The video has since attracted more than 10 million views and 15,000 comments, many from Americans baffled that the British version of Chinese food is nothing like the typical takeout they eat in the US.
Some poked fun at the presence of so many brown dishes, while others called it “horrendous.” Proud Britons rushed to defend one of their favorite comfort foods.
The culinary conflict got particularly heated around one specific dish, leading many Americans to ask: What do fries and curry have to do with Chinese food?
From jar jow to spice bags
The very first Chinese restaurant in the UK opened in 1908 in London. Little about it was documented, but the menu likely included a few Cantonese-inspired dishes, such as fried rice, sweet and sour pork, chow mein (don’t confuse it with the US version, it’s more like an American lo mein) and chop suey.
Today, most Chinese dishes served in the UK remain rooted in Cantonese cooking, along with some influences from Beijing and Sichuan province.
Iconic items include crispy duck with pancakes (a nod to Peking duck), crispy chili beef (Sichuan-inspired beef strips in sweet and spicy sticky sauce), sweet and sour chicken balls (deep-fried batter-coated chicken in a sweet and sour sauce) and sesame prawn toast (Hong Kong-style deep-fried prawn paste on toast covered with sesame seeds).

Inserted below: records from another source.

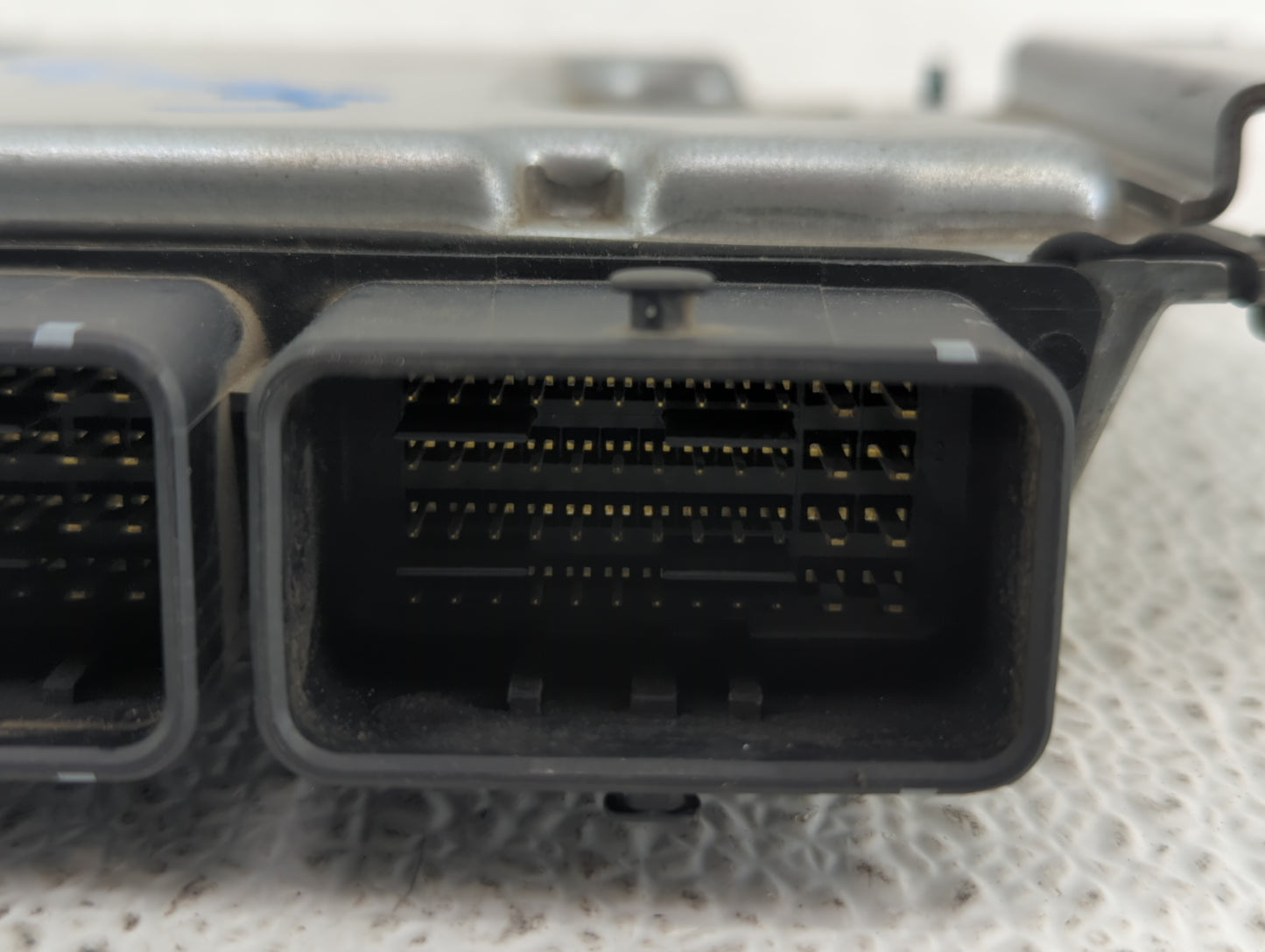 2016-2017 Nissan Altima PCM Engine Control Computer ECU ECM PCU OEM P/N:NEC025-074 NEC029-073, NEC029-074 Fits Fits 2016 201
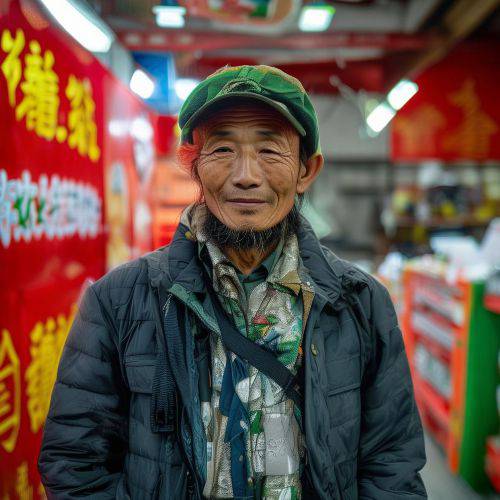 提醒！卖烟微信一手货源在哪里“众志成城”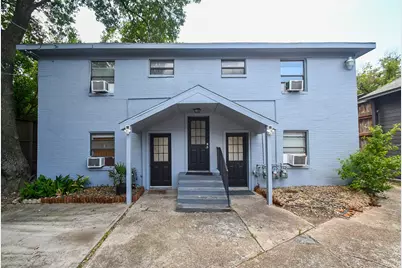 4623 Yupon Street #3, Houston, TX 77006 - Photo 17
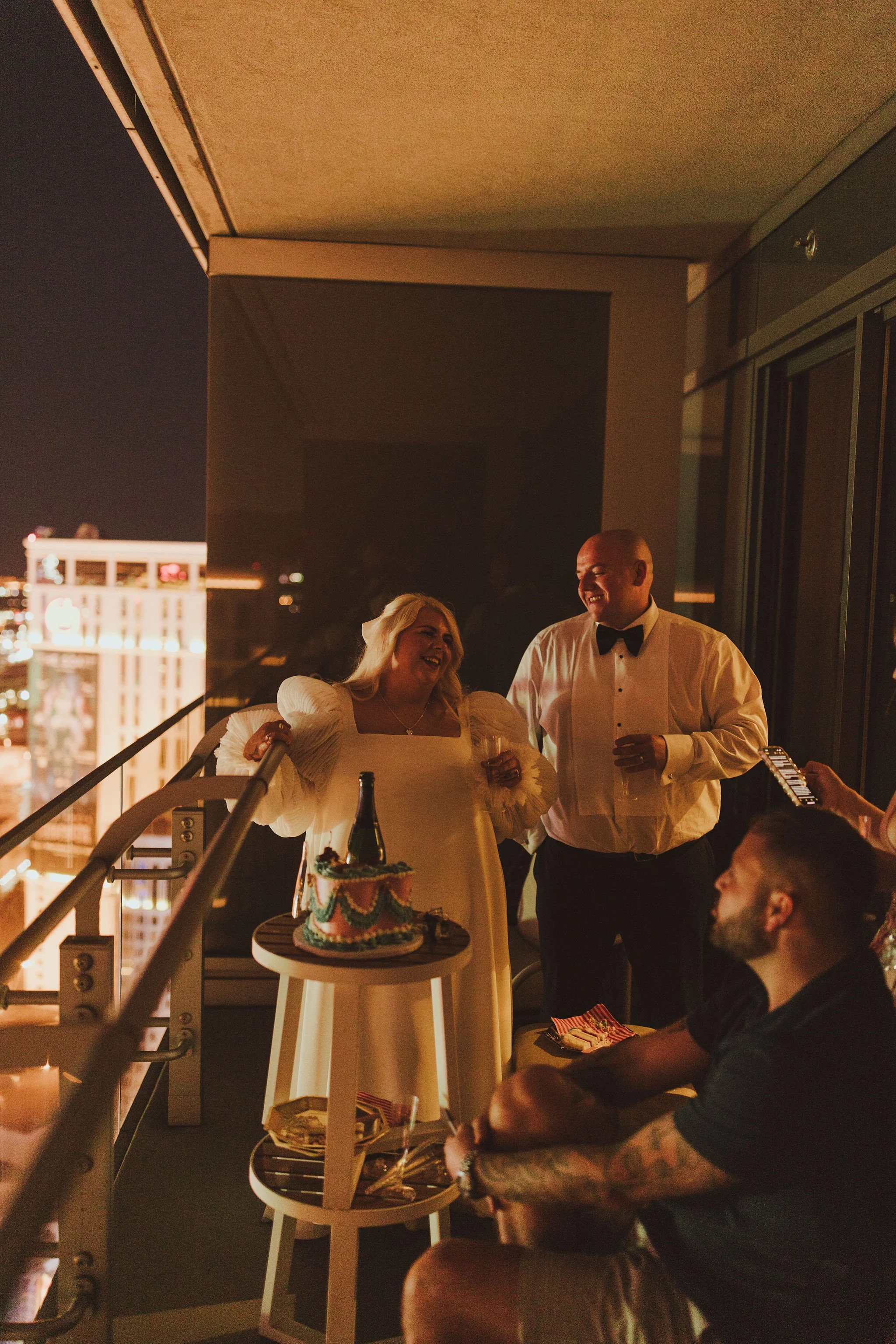 Chloe&AdamWedding-447.jpg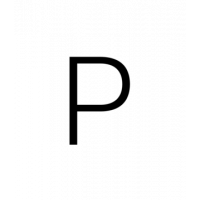 Glyph 82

Like all immigrant cuisines, Chinese food in the UK evolved according to local tastes and available ingredients, not least chips — the classic thick-cut fries usually found in fish and chips.
For Helen Tse, the third-generation owner of Manchester Chinese restaurant Sweet Mandarin, one dish captures that evolution perfectly: “Salt and pepper chips and curry sauce, with a side of egg fried rice.”
Other British Chinese dishes you aren’t likely to find in the US include crispy seaweed (actually deep-fried cabbage) and chicken satay.
Certain cities also boast their own specialty dishes. When in London, for example, be sure to sample jar jow, which is a stir-fried sliced honey-glazed barbecue pork (char siu) with ginger, spring onion and other vegetables in a thick tomato sauce.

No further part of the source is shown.